This function picks the optimal lambda
in a solution path using the
BIC criteria.
Usage
BIC_Pick(
y_vec,
x_mat,
solution_path,
real_logit_vec,
k_n,
a = 1,
bic_kn = k_n,
complex_bound
)
Arguments
- y_vec
response vector, 0 for control, 1 for case. n = length(y_vec) is the number of observations.
- x_mat
covariate matrix, consists of two parts. dim(x_mat) = (n, h + p * kn) First h columns are for demographical covariates(can include an intercept term) Rest columns are for p functional covariates, each being represented by a set of basis functions resulting kn covariates.
- solution_path
A solution path from function
Logistic_FAR_Path
- real_logit_vec
NOT used in this function
- k_n
number of basis functions.(This is also number of covariates in each group)
- a
a scalar adjusting the loglik in the first part of BIC
- bic_kn
a scalar adjusting the model complexsity part of BIC
- complex_bound
Numeric, the upper bound of the model complexsity to be considered.

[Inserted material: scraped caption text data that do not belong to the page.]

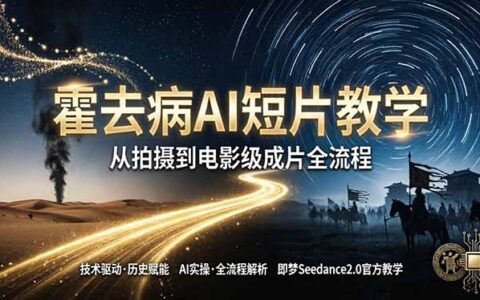 《霍去病》AI短片变现教程：即梦AI Seedance2.0实战，从拍摄到电影级成片全流程指南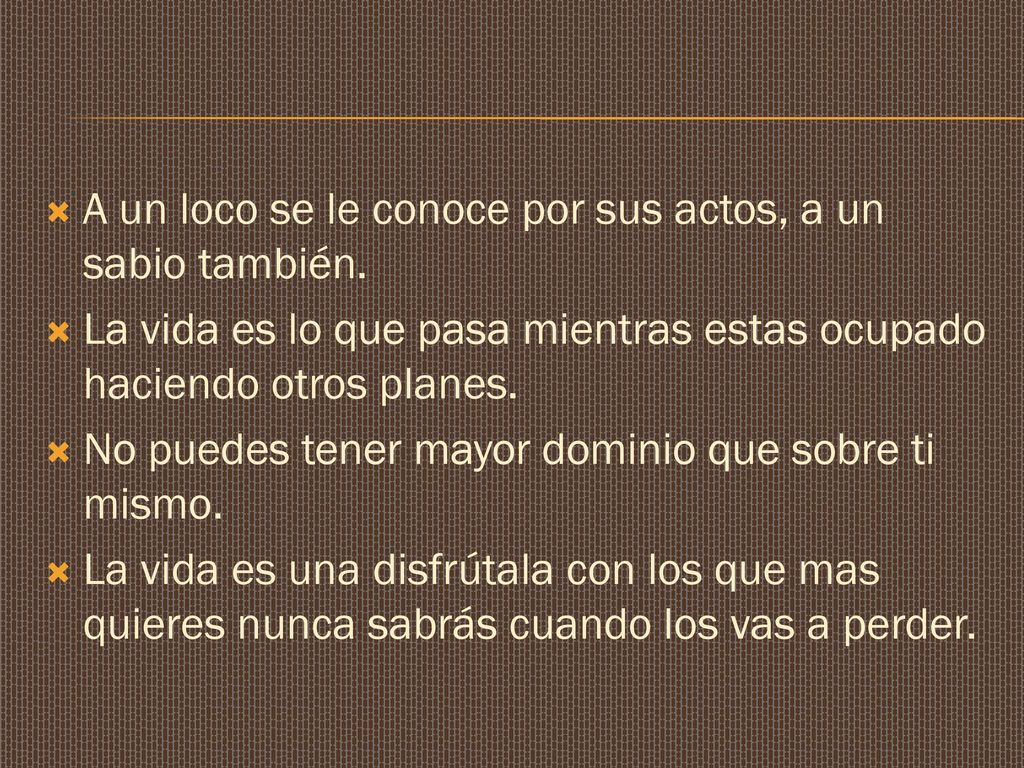 A un loco se le conoce por sus actos, a un sabio también.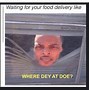 Image result for Pizza Delivery Meme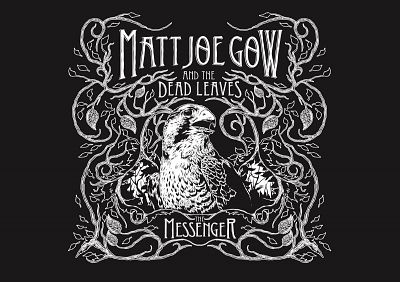 Matt Joe Gow and The Dead Leaves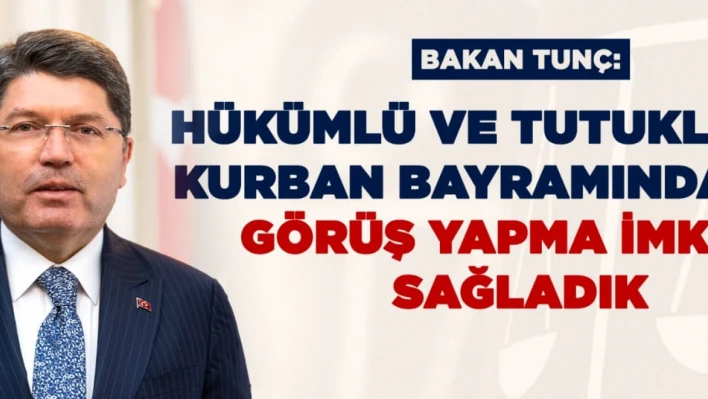Bakan Tunç'tan cezaevlerine müjde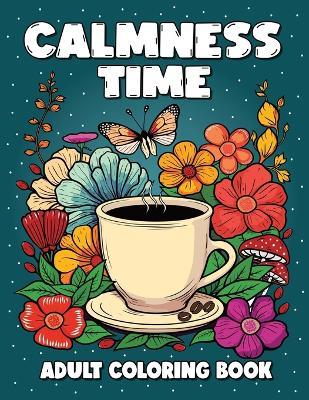 Calmness Time - Adult Coloring Book: Variety of Relaxing Designs Featuring Animals, Flowers, Patterns, Mandalas, Mushrooms, Sweets, and Many More. - Relaxing Colors Press - cover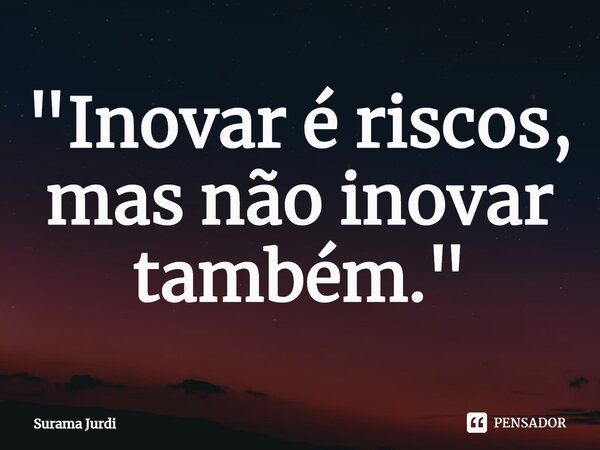 ⁠"Inovar é riscos, mas não inovar também."... Frase de Surama Jurdi.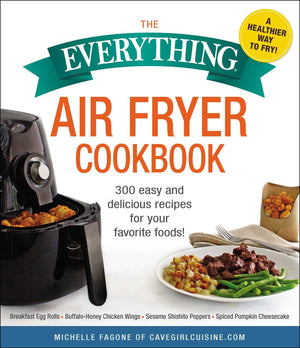 The Everything Air Fryer Cookbook: 300 Easy and Delicious Recipes for Your Favorite Foods!,Used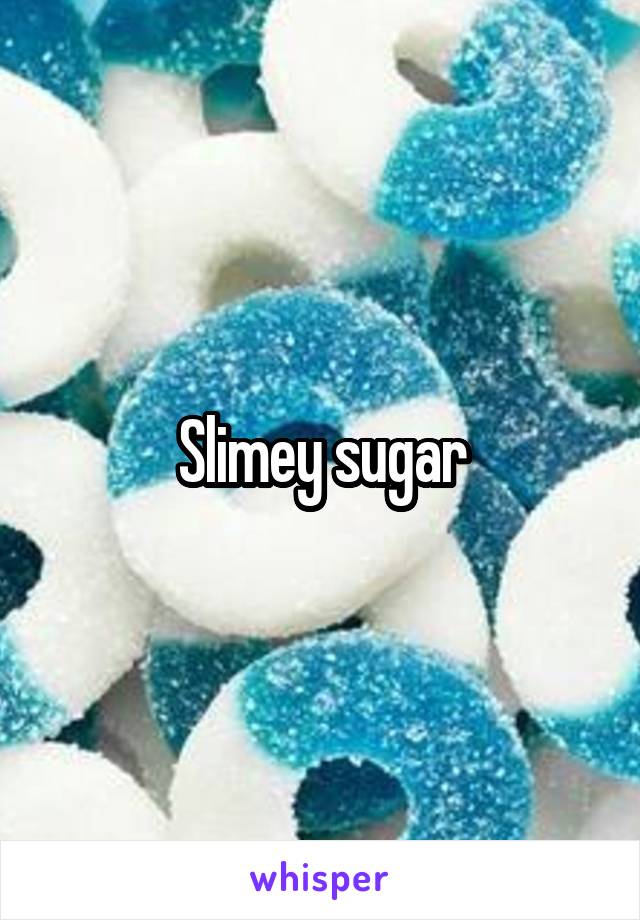 Slimey sugar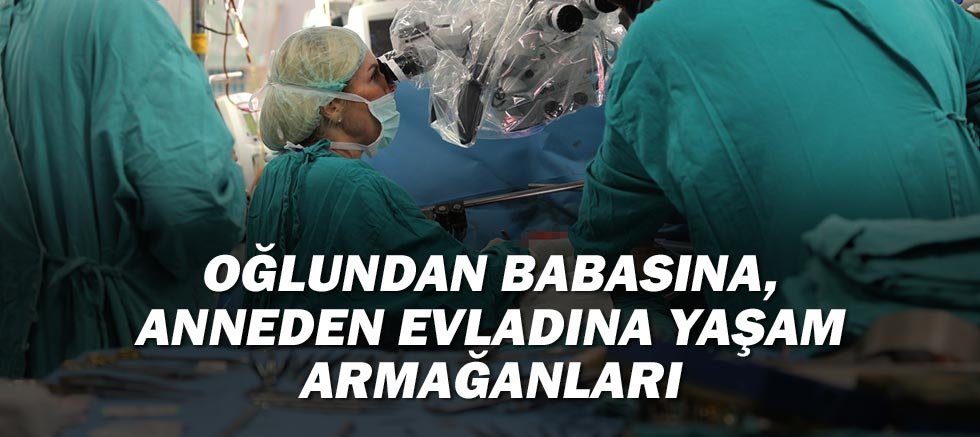 Oğlundan babasına, anneden evladına yaşam armağanları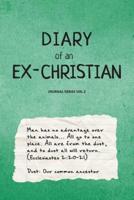 Diary of an Ex-Christian Journal Series Volume 2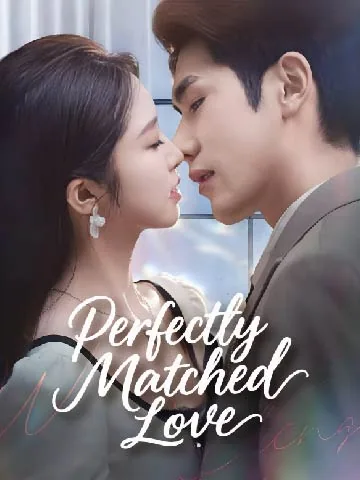 Perfectly Matched Love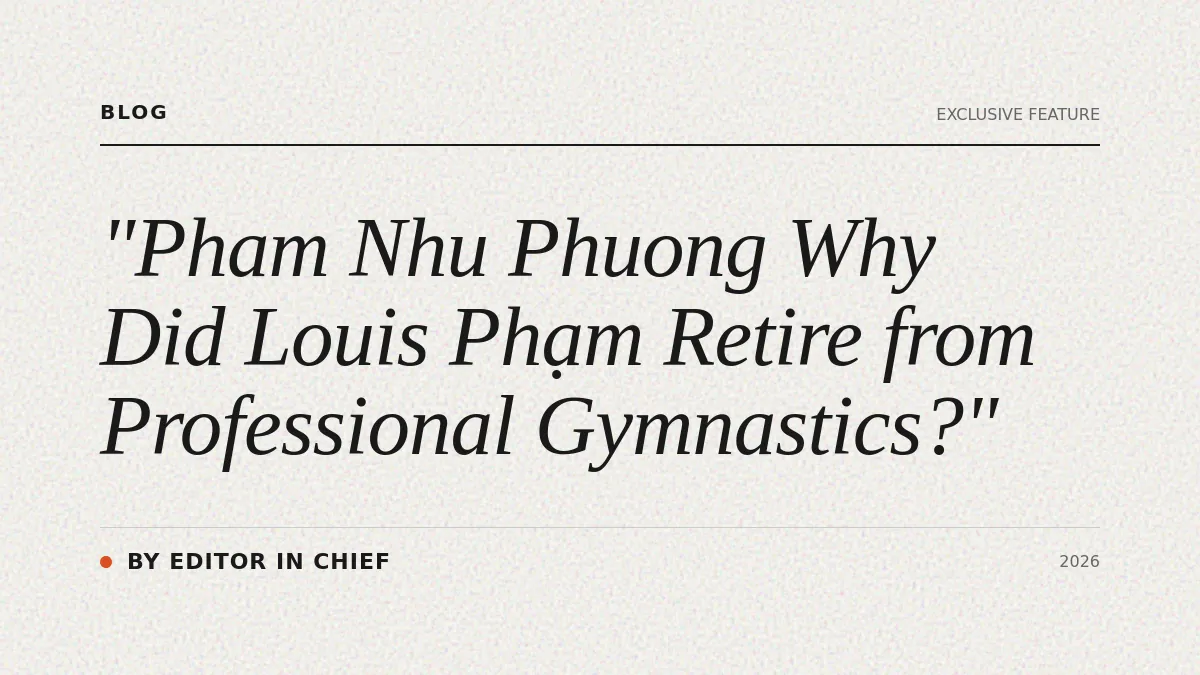 Why Did Louis Phạm Retire from Professional Gymnastics?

If not supplied, all functional covariates will be considered. In the case of
p > n
, this may lead to model saturation which makes the BIC cirteria favor a much more complex model because it offers near-perfect fitting results on the training set.
BIC
In this function, BIC is defined as
$$
BIC = 1 / a * loglik + df * log(n) / bic_kn
,
$$
where df
is the degree of freedom of the model. In this case, it's the number
of active covariates in the functional part of x_mat
. Since the algorithm form
the problem into a group lasso scenario, here the number of active covariates equals
to the number of active functional \(x(t)\) times the number of basis functions k_n
.